FIELDEmbodiments described herein relate generally to an information processing apparatus including a touch panel, an information processing method, and a program.
BACKGROUNDIn recent years, various information processing apparatuses such as tablets, PDAs, and smartphones have been developed. Most of such kinds of electronic devices include a touch screen display to facilitate an input operation by the user. The user can give instructions to the information processing apparatus to execute a function related to a menu or object by touching the menu or object displayed on the touch screen display with a fingertip, stylus pen or the like.
However, many of existing information processing apparatuses including a touch panel are small and thus, it is difficult to use copy & paste and cut & paste needed for text editing. In these operations, it is necessary to specify the start position or end position of copy or cut and the paste position using a fingertip, stylus pen or the like and in some cases, it is difficult to precisely specify these positions. That is, if the screen is small and characters are small, it is difficult to precisely specify a character or a word using a fingertip, stylus pen or the like.
When using an information processing apparatus including a conventional touch panel, it is difficult to precisely select a portion of text including small characters using the touch panel.
A general architecture that implements the various features of the embodiments will now be described with reference to the drawings. The drawings and the associated descriptions are provided to illustrate the embodiments and not to limit the scope of the invention.
Various embodiments will be described hereinafter with reference to the accompanying drawings.
In general, according to one embodiment, an information processing apparatus includes a display, a touch panel on the display, and a voice recognition module. The display is configured to display video. The touch panel is configured to detect a touch. The voice recognition module is configured to perform voice recognition processing based on a position of the touch detected by the touch panel.
The CPU 30 is a processor that controls the operation of various modules implemented in the smartphone 10. The CPU 30 executes various kinds of software loaded from the SSD 38 as a nonvolatile storage device into the main memory 34. The software includes an operating system (OS) 34a and a text editing application program 34d.
The text editing application program 34d controls editing (copy, cut, and paste) of text displayed on the touch screen display 17 using, in addition to the touch operation, voice recognition. More specifically, the text editing application program 34d identifies the desired word, phrase or the like from a plurality of words, phrases or the like at the touch position using voice recognition.
The CPU 30 also executes the basic input output system (BIOS) stored in the BIOS-ROM 36. BIOS is a program to control hardware.

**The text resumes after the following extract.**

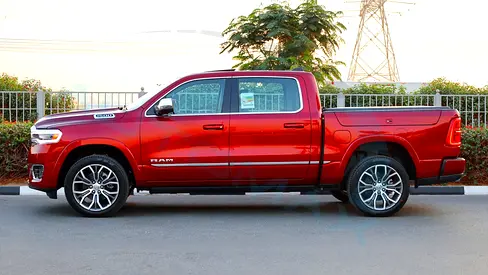 صورة مصغرة 19 لـ 2026 RAM 1500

The system controller 32 is a device connecting the CPU 30 and various components. The system controller 32 also contains a memory controller to control access. The main memory 34, the BIOS-ROM 36, the SSD 38, the graphics controller 40, the sound controller 42, the wireless communication device 44, and the embedded controller 46 are connected to the system controller 32.
The graphics controller 40 controls an LCD 17a used as a display monitor of the smartphone 10. The graphics controller 40 transmits a display signal to the LCD 17a under the control of the CPU 30. The LCD 17a displays a screen image based on the display signal. Text editing processing such as copy & paste or cut & paste is performed on text displayed on the LCD 17a under the control of the text editing application program 34d. A touch panel 17b is arranged on the display surface of the LCD 17a.
The sound controller 42 is a controller to control an audio signal and incorporates a voice input from a microphone 42b as an audio signal and also generates an audio signal output from a speaker 42a. The microphone 42b is also used for voice input of the desired word, phrase or the like to assist the touch operation.
The wireless communication device 44 is a device configured to perform wireless communication such as wireless LAN and 3G mobile communication or to perform proximity wireless communication such as NFC (Near Field Communication). The smartphone 10 is connected to the Internet via the wireless communication device 44.
The embedded controller 46 is a one-chip microcomputer containing a controller for power management. The embedded controller 46 has a function to turn on or turn off the smartphone 10 in accordance with the operation of a power button (not shown).
An audio signal input from the microphone 42b is supplied to a characteristic quantity extraction module 72 for sound analysis. In the sound analysis, a voice is analyzed (for example, the Fourier analysis) and converted into characteristic quantities including information useful for recognition. Characteristic quantities are supplied to a recognition decoder module 74 and recognized by using acoustic models from an acoustic model memory 82. In the acoustic model memory 82, a very large number of correspondences between the sound of characteristic quantities and probabilities of phonetic symbols are stored as acoustic models.
In the present embodiment, all acoustic models stored in the acoustic model memory 82 are not used for voice recognition and, instead, only acoustic models of words in a region touched by a fingertip, stylus pen or the like on the touch panel 17b are used for voice recognition. Therefore, the precision of voice recognition is enhanced and also voice recognition can be accomplished in a short time.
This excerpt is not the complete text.